Agressor ameaçava matar a mulher e os filhos…

…para impedir que as agressões fossem denunciadas. Fotos: reprodução e Rodrigo Índio
“Foi uma cena de horror ver a mulher no estado que ela estava, com o rosto todo deformado, com um corte na cabeça, o corpo todo machucado e o desespero daquela mulher pedindo socorro pra não deixar esse marido dela matar. Estava na rua toda ensanguentada. Aquilo ali foi muito marcante pra mim”, detalhou.
Mãe de dois filhos menores de idade, a mulher contou ter passado cerca de uma semana sendo agredida diariamente com socos, chutes e pauladas. A violência era alimentada por alucinações do agressor — usuário de crack e álcool —, que afirmava “ouvir vozes” acusando a esposa de uma traição inexistente.
Na vizinhança, a vítima é reconhecida como uma mulher cristã e muito atuante na igreja local. Durante o período em cárcere, o agressor impôs uma rotina de terror para evitar que o crime fosse denunciado.
“Ele falava que ia matar e ameaçava ela e os filhos, dizendo que se eles contassem ele ia matar a mãe.

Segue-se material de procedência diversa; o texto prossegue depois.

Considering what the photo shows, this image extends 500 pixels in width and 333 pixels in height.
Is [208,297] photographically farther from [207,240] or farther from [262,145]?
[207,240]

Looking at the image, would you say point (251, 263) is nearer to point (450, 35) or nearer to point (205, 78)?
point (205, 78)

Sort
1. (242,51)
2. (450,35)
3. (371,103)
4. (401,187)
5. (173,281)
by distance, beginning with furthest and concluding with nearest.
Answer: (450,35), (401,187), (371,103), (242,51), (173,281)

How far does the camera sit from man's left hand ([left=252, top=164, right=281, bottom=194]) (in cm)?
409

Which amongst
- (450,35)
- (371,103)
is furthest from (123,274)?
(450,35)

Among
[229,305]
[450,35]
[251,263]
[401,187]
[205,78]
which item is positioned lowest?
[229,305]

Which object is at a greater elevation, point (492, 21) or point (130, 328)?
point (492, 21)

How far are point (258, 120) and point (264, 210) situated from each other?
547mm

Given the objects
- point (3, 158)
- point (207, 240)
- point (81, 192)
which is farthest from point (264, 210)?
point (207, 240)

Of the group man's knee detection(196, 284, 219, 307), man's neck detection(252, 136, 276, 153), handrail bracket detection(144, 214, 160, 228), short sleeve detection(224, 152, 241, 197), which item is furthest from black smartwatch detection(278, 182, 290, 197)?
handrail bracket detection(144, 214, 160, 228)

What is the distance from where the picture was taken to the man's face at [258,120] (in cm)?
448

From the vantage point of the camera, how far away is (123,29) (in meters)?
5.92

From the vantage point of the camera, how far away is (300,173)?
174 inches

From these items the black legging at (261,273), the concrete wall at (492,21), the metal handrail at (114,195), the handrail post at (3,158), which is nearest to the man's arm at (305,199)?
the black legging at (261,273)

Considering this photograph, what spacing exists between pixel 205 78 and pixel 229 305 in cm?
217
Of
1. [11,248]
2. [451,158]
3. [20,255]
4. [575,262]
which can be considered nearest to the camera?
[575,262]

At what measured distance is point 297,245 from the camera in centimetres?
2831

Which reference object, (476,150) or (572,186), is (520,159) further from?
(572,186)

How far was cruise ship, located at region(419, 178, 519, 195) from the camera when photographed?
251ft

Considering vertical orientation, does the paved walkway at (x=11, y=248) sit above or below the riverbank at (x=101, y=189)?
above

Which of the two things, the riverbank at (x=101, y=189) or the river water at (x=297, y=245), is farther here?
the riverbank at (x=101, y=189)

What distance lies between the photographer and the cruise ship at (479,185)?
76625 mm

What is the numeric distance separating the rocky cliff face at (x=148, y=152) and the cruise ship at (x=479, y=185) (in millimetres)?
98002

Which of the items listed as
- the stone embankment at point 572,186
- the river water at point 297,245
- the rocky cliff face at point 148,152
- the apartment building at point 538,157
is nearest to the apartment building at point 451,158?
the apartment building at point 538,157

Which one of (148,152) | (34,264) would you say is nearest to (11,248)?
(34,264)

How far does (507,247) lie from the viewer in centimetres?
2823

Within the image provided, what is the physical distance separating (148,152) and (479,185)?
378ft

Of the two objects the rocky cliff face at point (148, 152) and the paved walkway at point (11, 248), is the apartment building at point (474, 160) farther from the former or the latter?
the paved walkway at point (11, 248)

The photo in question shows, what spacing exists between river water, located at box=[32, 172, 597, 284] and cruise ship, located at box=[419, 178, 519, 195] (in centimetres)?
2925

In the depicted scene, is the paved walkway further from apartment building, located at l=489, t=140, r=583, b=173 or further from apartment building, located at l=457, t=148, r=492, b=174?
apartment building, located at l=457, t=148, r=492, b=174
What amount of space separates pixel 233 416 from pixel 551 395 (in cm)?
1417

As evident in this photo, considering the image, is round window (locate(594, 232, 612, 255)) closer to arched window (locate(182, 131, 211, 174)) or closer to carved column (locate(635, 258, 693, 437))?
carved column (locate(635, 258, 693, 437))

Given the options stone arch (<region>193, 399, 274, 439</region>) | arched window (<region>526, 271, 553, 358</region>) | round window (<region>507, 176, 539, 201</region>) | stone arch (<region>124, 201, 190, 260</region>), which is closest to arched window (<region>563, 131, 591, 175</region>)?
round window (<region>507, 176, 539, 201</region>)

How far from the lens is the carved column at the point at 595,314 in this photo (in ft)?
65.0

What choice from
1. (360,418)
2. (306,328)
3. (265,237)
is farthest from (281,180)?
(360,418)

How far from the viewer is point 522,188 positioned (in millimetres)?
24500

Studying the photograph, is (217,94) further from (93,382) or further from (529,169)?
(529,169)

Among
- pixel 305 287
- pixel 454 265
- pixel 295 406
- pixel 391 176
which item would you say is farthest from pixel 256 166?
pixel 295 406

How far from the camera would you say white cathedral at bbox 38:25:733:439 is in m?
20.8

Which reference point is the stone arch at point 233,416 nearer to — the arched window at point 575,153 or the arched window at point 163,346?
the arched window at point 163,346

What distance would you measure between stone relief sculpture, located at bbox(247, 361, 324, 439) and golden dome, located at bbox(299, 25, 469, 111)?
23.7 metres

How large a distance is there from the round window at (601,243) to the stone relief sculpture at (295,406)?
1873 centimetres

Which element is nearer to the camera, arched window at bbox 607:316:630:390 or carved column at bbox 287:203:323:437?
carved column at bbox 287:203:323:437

Ele simulava que iria se matar também na frente dos filhos, uma forma de manipulação e de tentar manter o silêncio”, contou a vizinha.

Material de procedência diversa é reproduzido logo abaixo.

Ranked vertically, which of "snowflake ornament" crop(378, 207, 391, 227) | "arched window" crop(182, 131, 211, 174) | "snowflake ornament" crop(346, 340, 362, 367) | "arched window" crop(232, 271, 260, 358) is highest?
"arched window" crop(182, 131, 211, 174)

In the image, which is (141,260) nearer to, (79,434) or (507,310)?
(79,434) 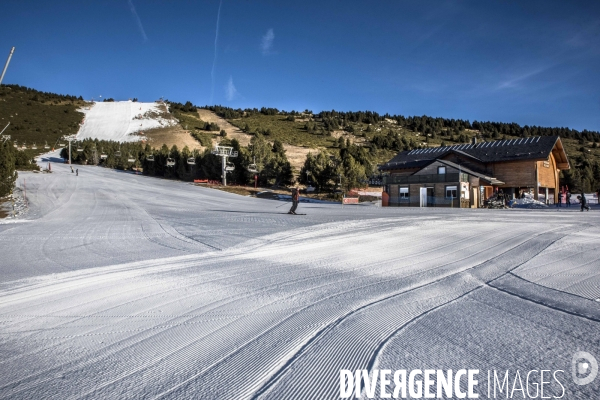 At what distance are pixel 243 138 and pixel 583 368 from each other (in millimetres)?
106544

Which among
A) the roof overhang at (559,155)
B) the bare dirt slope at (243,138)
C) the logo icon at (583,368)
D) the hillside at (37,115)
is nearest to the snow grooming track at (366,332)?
the logo icon at (583,368)

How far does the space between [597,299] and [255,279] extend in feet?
17.0

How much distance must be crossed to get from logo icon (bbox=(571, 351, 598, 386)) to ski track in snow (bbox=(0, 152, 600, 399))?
3.0 inches

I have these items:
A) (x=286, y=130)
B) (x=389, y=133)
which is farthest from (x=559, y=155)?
(x=286, y=130)

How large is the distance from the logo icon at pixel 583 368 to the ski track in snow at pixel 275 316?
0.08m

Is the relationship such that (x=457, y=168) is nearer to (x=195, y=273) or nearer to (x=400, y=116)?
(x=195, y=273)

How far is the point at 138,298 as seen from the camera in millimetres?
5277

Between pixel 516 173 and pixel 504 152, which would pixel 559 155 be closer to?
pixel 504 152

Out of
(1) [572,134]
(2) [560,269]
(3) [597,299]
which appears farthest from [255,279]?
(1) [572,134]

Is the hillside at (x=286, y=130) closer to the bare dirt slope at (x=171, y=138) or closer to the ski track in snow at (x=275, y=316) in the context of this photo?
the bare dirt slope at (x=171, y=138)

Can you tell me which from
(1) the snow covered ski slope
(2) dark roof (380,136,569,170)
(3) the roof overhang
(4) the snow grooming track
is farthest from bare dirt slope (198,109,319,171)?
(4) the snow grooming track

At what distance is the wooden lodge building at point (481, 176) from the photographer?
136ft

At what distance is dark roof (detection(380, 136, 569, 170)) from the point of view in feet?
147

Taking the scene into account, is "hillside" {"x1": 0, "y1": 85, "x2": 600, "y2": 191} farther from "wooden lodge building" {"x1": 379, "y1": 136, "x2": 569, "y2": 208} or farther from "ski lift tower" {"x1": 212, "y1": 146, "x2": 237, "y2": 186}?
"wooden lodge building" {"x1": 379, "y1": 136, "x2": 569, "y2": 208} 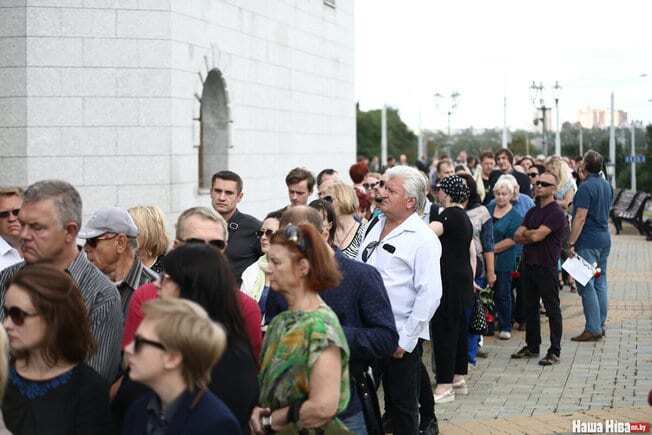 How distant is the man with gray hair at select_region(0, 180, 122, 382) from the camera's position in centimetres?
567

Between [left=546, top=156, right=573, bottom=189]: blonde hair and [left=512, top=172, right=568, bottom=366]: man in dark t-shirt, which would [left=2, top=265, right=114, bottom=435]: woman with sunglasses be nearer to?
[left=512, top=172, right=568, bottom=366]: man in dark t-shirt

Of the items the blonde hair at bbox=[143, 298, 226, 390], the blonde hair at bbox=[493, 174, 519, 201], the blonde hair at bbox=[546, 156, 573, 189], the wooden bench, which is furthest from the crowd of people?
the wooden bench

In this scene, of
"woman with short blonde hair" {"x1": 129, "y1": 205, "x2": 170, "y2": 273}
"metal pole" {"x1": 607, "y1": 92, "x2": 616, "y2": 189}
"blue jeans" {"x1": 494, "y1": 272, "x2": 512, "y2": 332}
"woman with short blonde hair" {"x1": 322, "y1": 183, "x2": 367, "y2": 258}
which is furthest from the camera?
"metal pole" {"x1": 607, "y1": 92, "x2": 616, "y2": 189}

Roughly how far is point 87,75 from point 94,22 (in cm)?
64

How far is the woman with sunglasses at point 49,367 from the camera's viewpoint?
4.97 meters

Vítima chegou ao hospital com ferimentos na cabeça, braços, mãos, pernas e rosto. Foto: Rodrigo Índio/SelesNafes.com
A decisão de agir rapidamente veio acompanhada por uma profunda identificação com a dor alheia. A moradora revelou que o sofrimento da vítima a fez reviver traumas do próprio passado.
“Eu fiquei chocada. Me coloquei no lugar dela, porque eu já passei por um relacionamento assim, então eu não pensei duas vezes em colocar ela dentro do meu carro e prestar socorro. Eu estou até agora cuidando dela e só vou descansar depois pra deixar ela num local seguro, longe desse monstro”, disse.
A Polícia Militar foi acionada e prendeu o agressor no local do crime. O homem já cumpria pena em regime aberto, monitorado por tornozeleira eletrônica, e possui histórico criminal por homicídio.

Vítima passou sete dias sob agressões, ameaças e violência antes de conseguir escapar. Foto: Rodrigo Índio/SelesNafes.com
A moradora garantiu que continuará ao lado da vítima dando suporte médico, psicológico e jurídico, acompanhando-a até a Delegacia Especializada no Atendimento à Mulher (DEAM) assim que receber alta do hospital.
“Eu vou continuar dando todo o suporte pra ela, como mulher, como amiga. Vou estar acompanhando essa vítima até a delegacia pra que ela possa registrar tudo direitinho e que ele pague por tudo que fez. Um cara que faz isso com uma mulher pode fazer com qualquer outra”, concluiu.
O caso segue sob investigação da Polícia Civil do Amapá.